→ **Work to be completed**
The part below that opens with the line containing "1FMCU93128KB78451 - 2008" and closes with the line containing "zac posen orange dress Zac Posen" should be copied exactly, minus any pictures.

→ **Data records**
===============

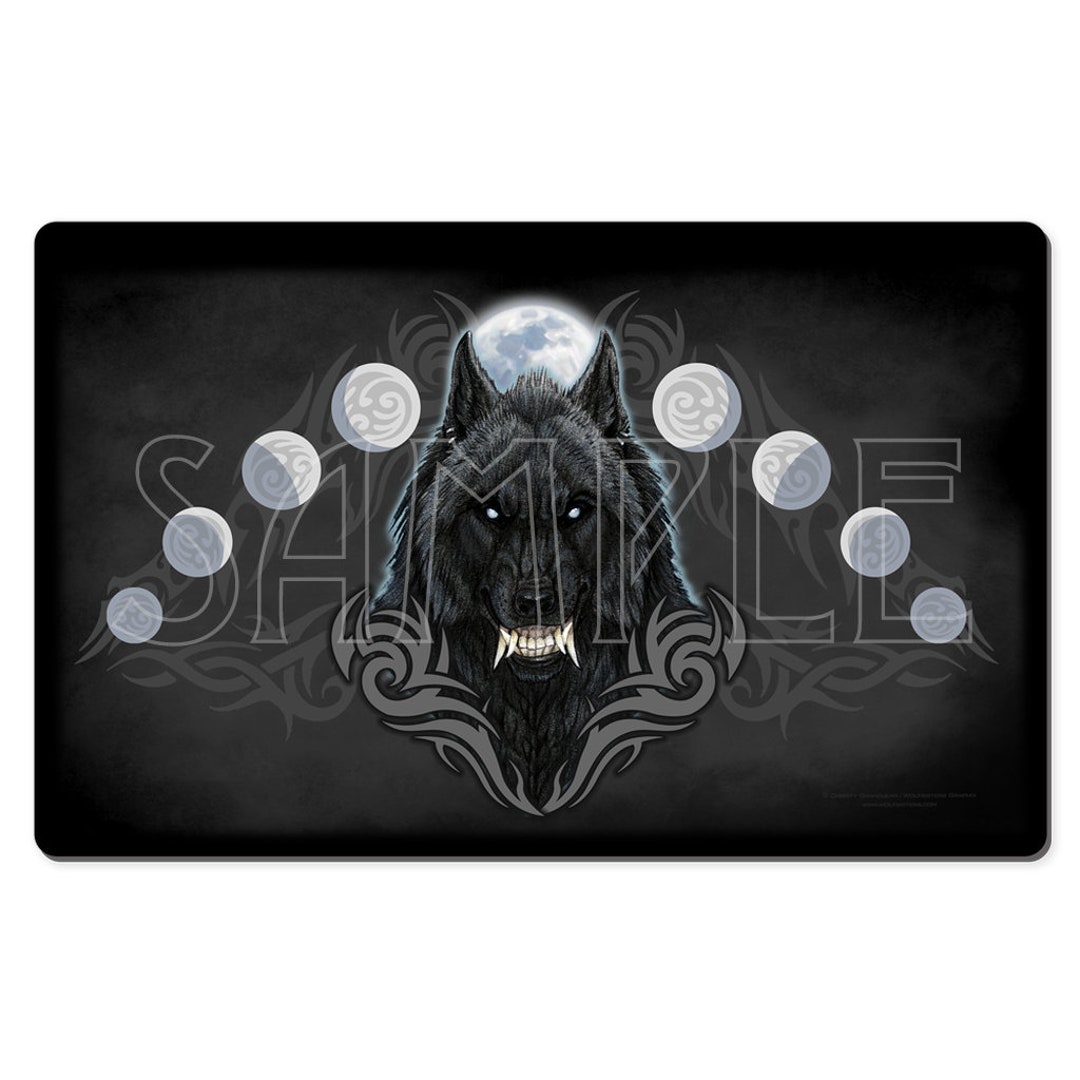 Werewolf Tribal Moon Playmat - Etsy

===============

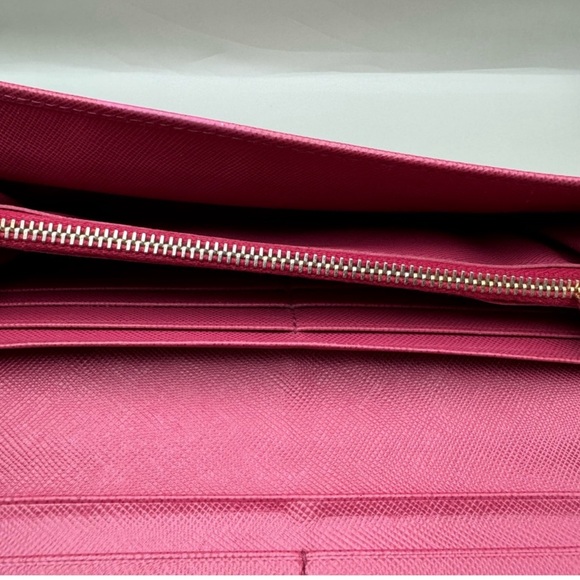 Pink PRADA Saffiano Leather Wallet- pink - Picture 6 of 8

===============

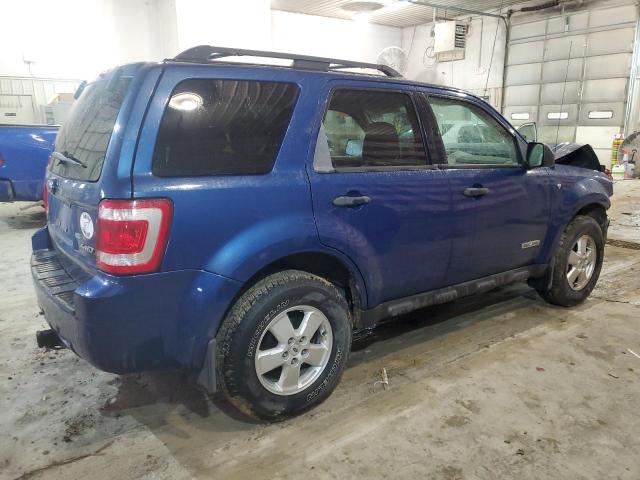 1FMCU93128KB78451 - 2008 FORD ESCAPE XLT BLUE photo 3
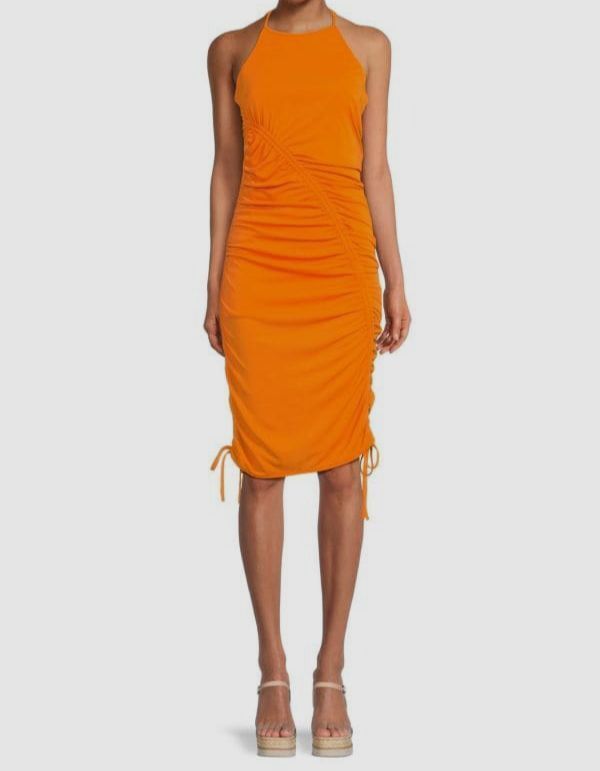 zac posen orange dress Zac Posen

===============

→ **Output of the task**
 1FMCU93128KB78451 - 2008 FORD ESCAPE XLT BLUE photo 3
 zac posen orange dress Zac Posen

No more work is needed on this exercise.